Texas is one of 15 states across the country that have declined to accept federal funding that could have helped replace the meals children lose during summer vacation.

The state rejected $350 million in food assistance that Congress already had allocated.

The assistance comes from an Electronic Benefit Transfer program the U.S. Department of Agriculture began in 2022 to help ensure that children still are fed when they don’t receive school breakfasts and lunches. The program offers $40 per month per student in families that qualify, to help cover grocery costs during the summer months.

Studies have long shown that school meals are the only food many children eat during the day, especially in low-income areas such as the Rio Grande Valley.
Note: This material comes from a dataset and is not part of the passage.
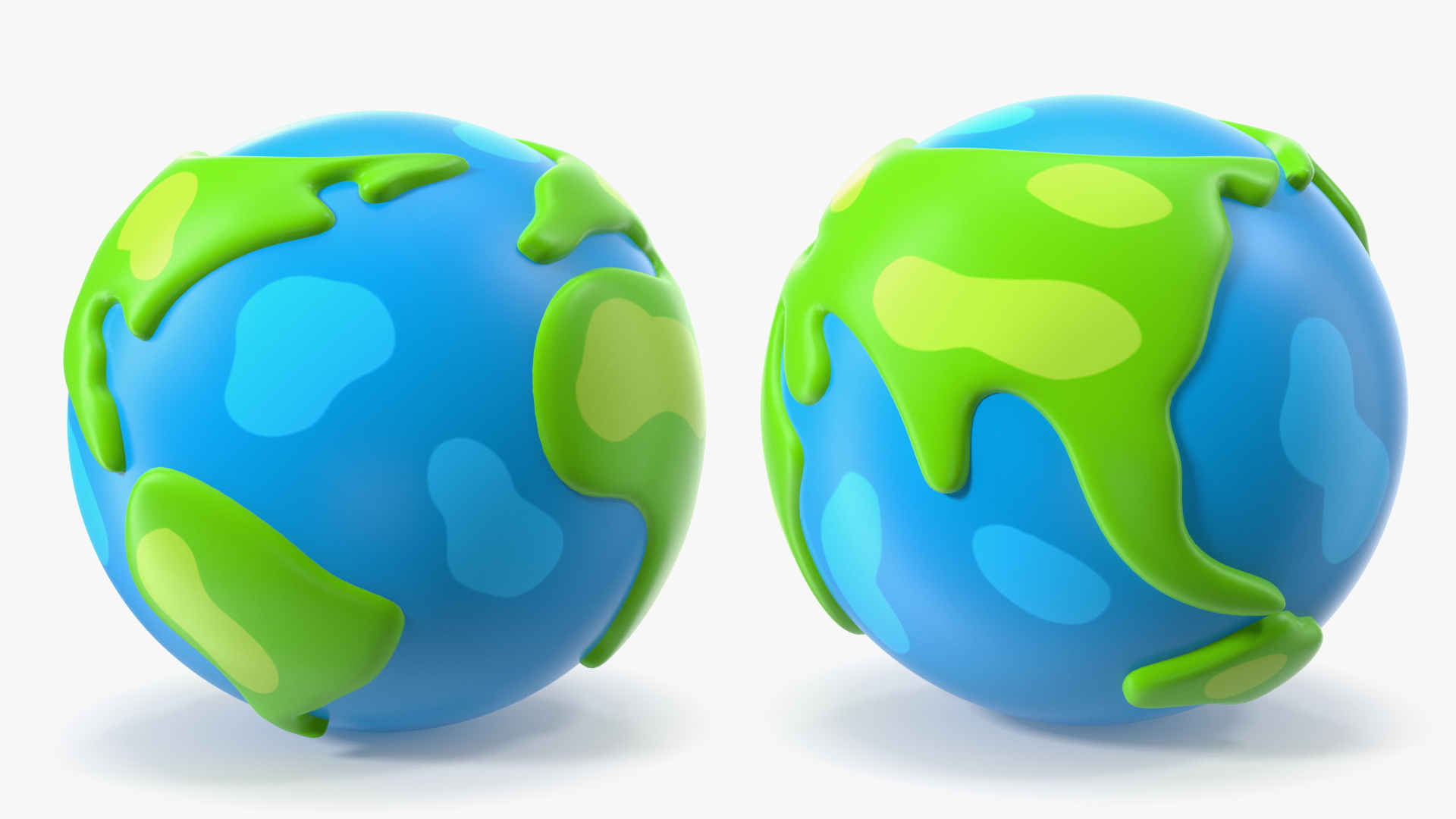 3D model Cartoon Planet Earth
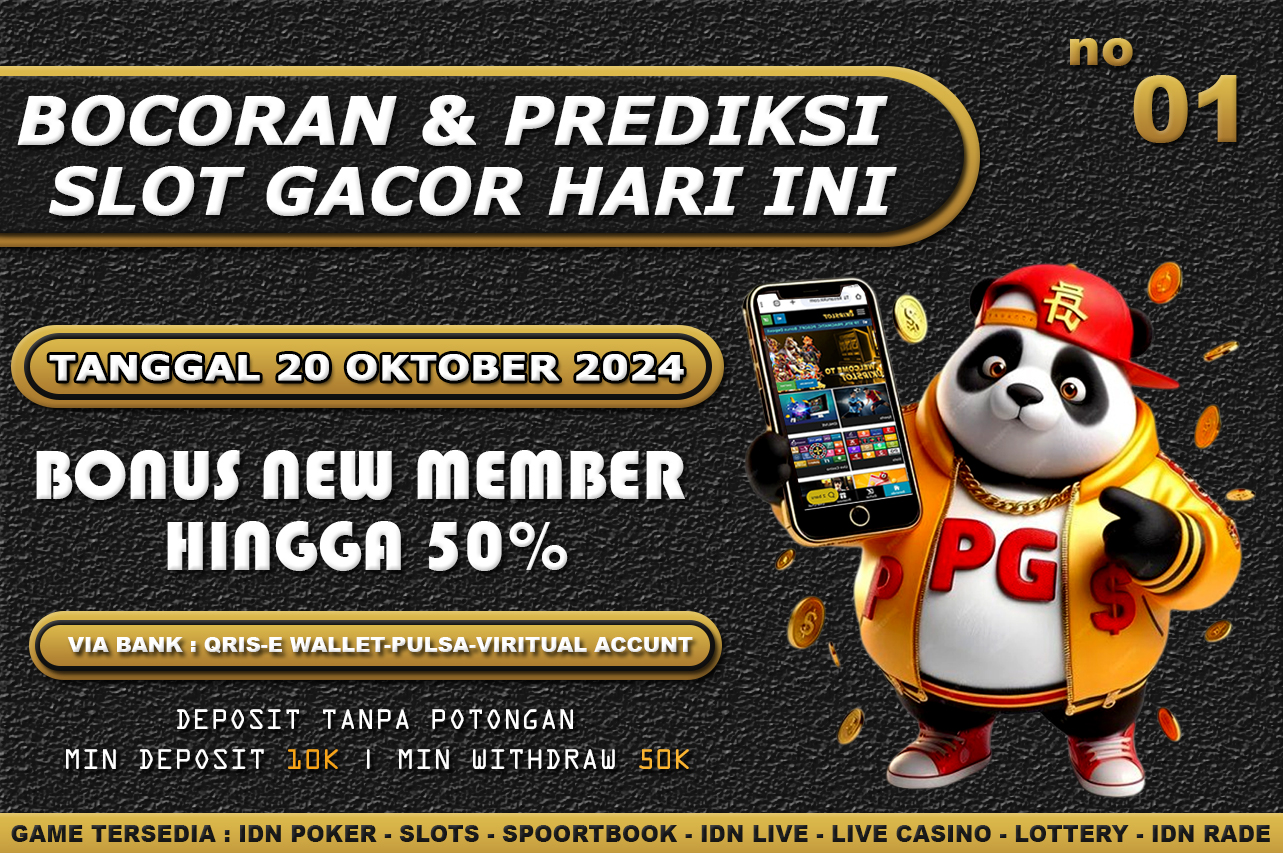 PREDIKSI SLOT GACOR TANGGAL 20 OKTOBER 2024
Average poverty rates and property values are so low across the region that every Valley public school district except one — Point Isabel, which includes South Padre Island — qualify for universal free lunch and other food assistance programs.

The federal EBT was intended to offset the difficulties many low-income families face during the summer, when the cost of feeding their children can put a significant strain on family budgets.

Officials with the Texas Health and Human Services Commission, which would have administered the program, said the state opted out not as a matter of principal, but for administrative reasons. In an email, commission spokeswoman Tiffany Young told our reporter that it didn’t have personnel in place to implement the program — which doesn’t begin until June.

Still, it’s worth asking if that staffing might have existed if the state hadn’t spent so much taxpayers’ money filing dozens of frivolous lawsuits against the federal government and pursuing border security policies that are proven to be ineffective, and reduce state revenue by hurting trade and other economic activity.

EBT was set up as COVID benefits began to expire even as many families still were struggling to recover from the economic effects of the COVID-19 pandemic. Those effects include lost wages, medical expenses and even the loss of families’ wage earners to the disease that has killed some 7,000 Valley residents.

A refrigerated truck is parked in front of the food bank’s headquarters on Tuesday, July 26, 2022, in Pharr. (Joel Martinez | [email protected])

Local school districts and other entities including the Food Bank of the Rio Grande Valley, local shelters and food pantries say they will continue to offer summer meal programs as they have in the past.

To be sure, many of those programs receive federal support through other sources. Any additional assistance, however, would help augment those programs and help more people who need it.

Certainly, we hope for the day when the Valley’s economic fortunes improve enough that fewer people need help just to feed their children. That day isn’t going to come anytime soon, however, and any help that can ease the struggle for needy families should be welcome, and not lost to bureaucratic inadequacies.

Well-paid officials at our state capital don’t have to worry about their children going hungry because summer vacation means they lose their primary source of nutrition. If they did, we’re sure they would have worked harder to ensure that those children receive the sustenance they need.